* Task to complete
Each line of the data below between the one containing "Torebka TOUS Amaya" and the one containing "Sukienka Model D73771M30466A", both included, is to be repeated exactly. Please omit pictures.

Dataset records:
****************************************
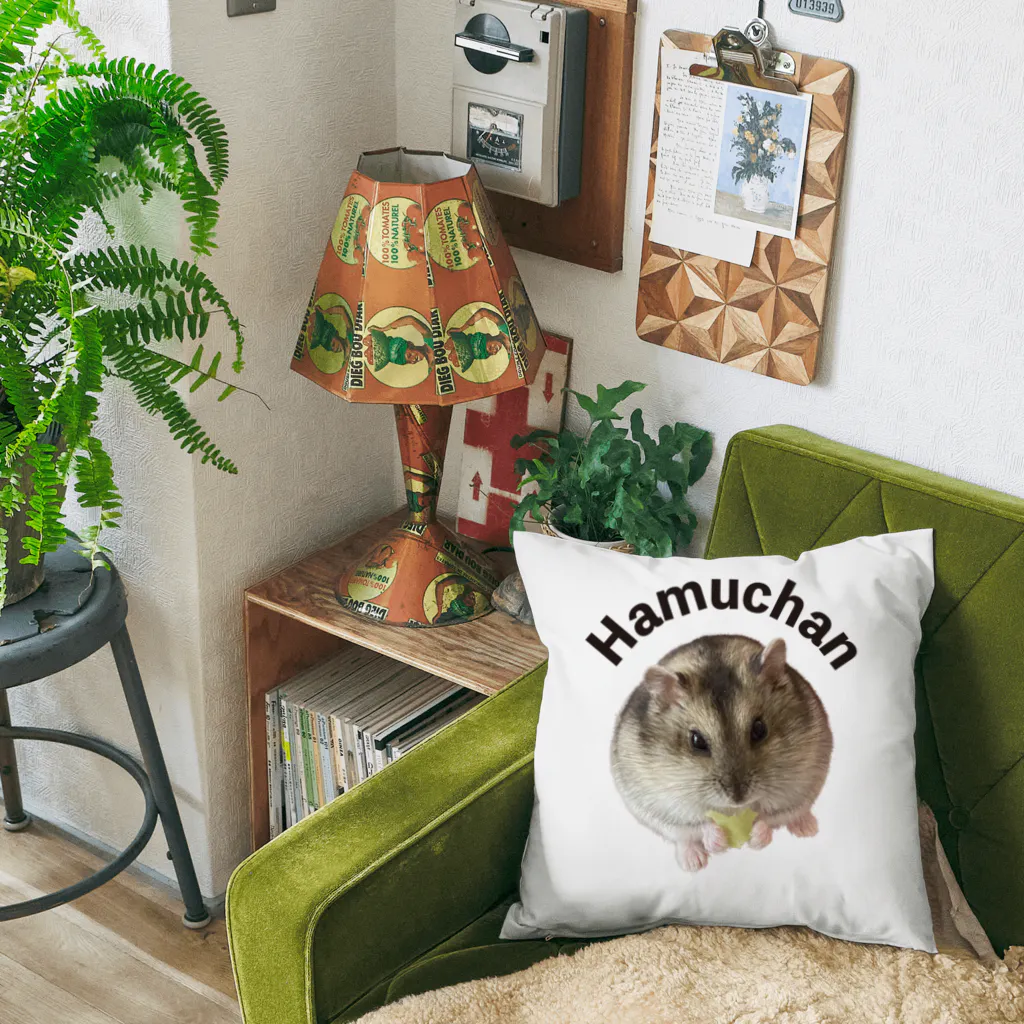 ハムちゃんショップのハムちゃん　クッション Cushion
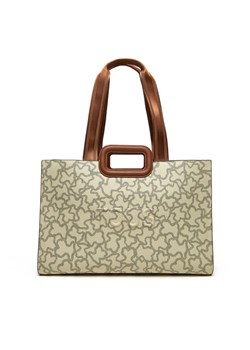 Torebka TOUS Amaya 2001946401 Beżowy ze sklepu eobuwie.pl w kategorii Torby Shopper bag - zdjęcie 182034745
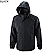 Black - Ash City CLIMATE Men's Core365 Seam-Sealed Lightweight Variegated Ripstop Jackets # 88185-703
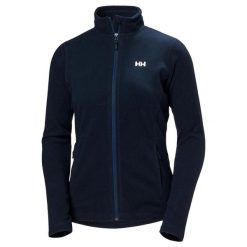 Damska polarowa kurtka narciarska Helly Hansen Daybreaker. Niebieskie kurtki sportowe damskie Helly Hansen, s, bez wzorów, z polaru, bez ramiączek, bez kaptura, narciarskie. Za 339.00 zł.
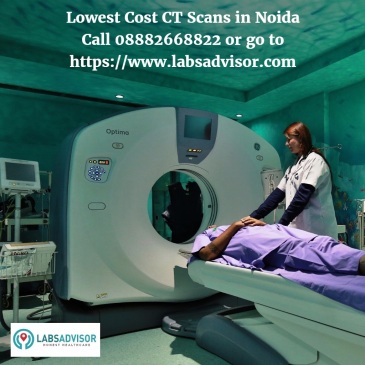 CT Scan Cost in Noida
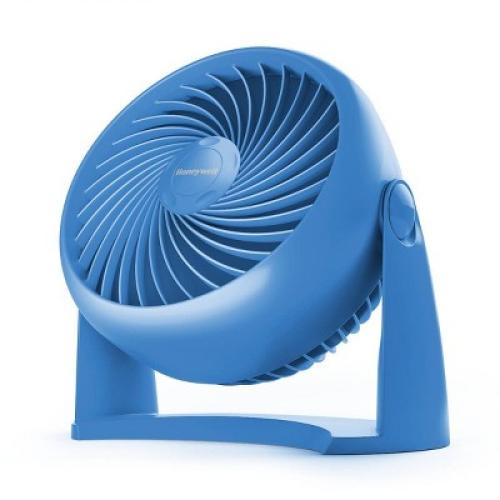 Honeywell TurboForce Table Air Circulator Fan, Blue HT900: Quiet Desk Fan, Adjustable Tilt, Wall Mountable, 3 Speeds
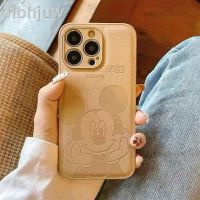 Animey IPhone11พิมพ์ลายการ์ตูน Mickey/13เคสโทรศัพท์มือถือ Apple 12Promax รวมทุกอย่าง Xs/xr หญิง8P นุ่ม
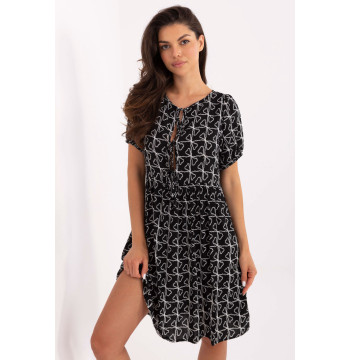 Sukienka Model D73771M30466A Black - Sublevel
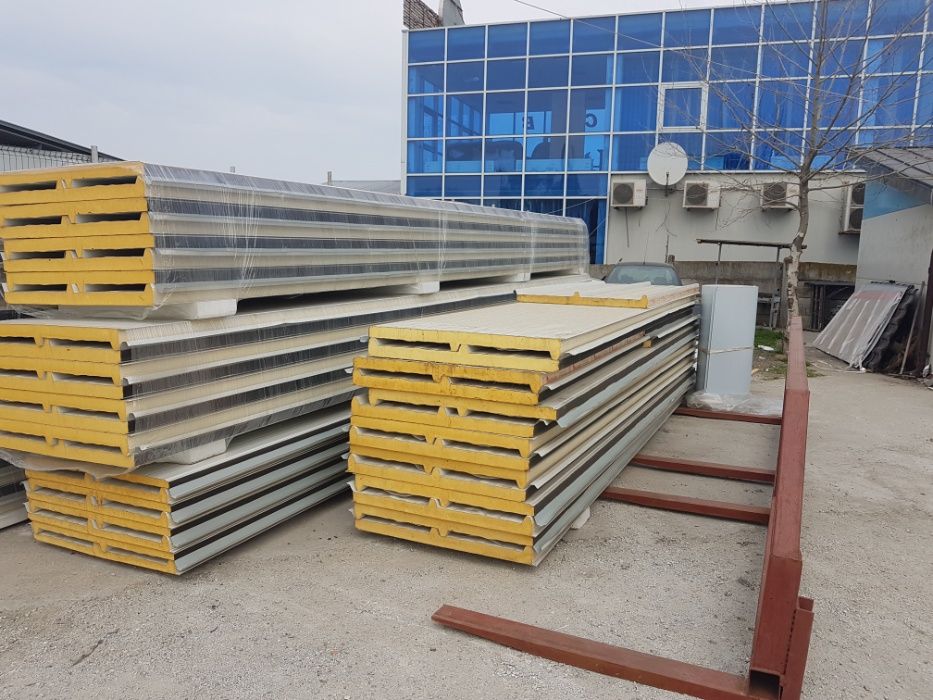 DEPOZIT PANOURI Termoizolante Tip Sandwich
****************************************
* Written response
 Torebka TOUS Amaya 2001946401 Beżowy ze sklepu eobuwie.pl w kategorii Torby Shopper bag - zdjęcie 182034745
 Black - Ash City CLIMATE Men's Core365 Seam-Sealed Lightweight Variegated Ripstop Jackets # 88185-703
 Damska polarowa kurtka narciarska Helly Hansen Daybreaker. Niebieskie kurtki sportowe damskie Helly Hansen, s, bez wzorów, z polaru, bez ramiączek, bez kaptura, narciarskie. Za 339.00 zł.
 CT Scan Cost in Noida
 Honeywell TurboForce Table Air Circulator Fan, Blue HT900: Quiet Desk Fan, Adjustable Tilt, Wall Mountable, 3 Speeds
 Animey IPhone11พิมพ์ลายการ์ตูน Mickey/13เคสโทรศัพท์มือถือ Apple 12Promax รวมทุกอย่าง Xs/xr หญิง8P นุ่ม
 Sukienka Model D73771M30466A Black - Sublevel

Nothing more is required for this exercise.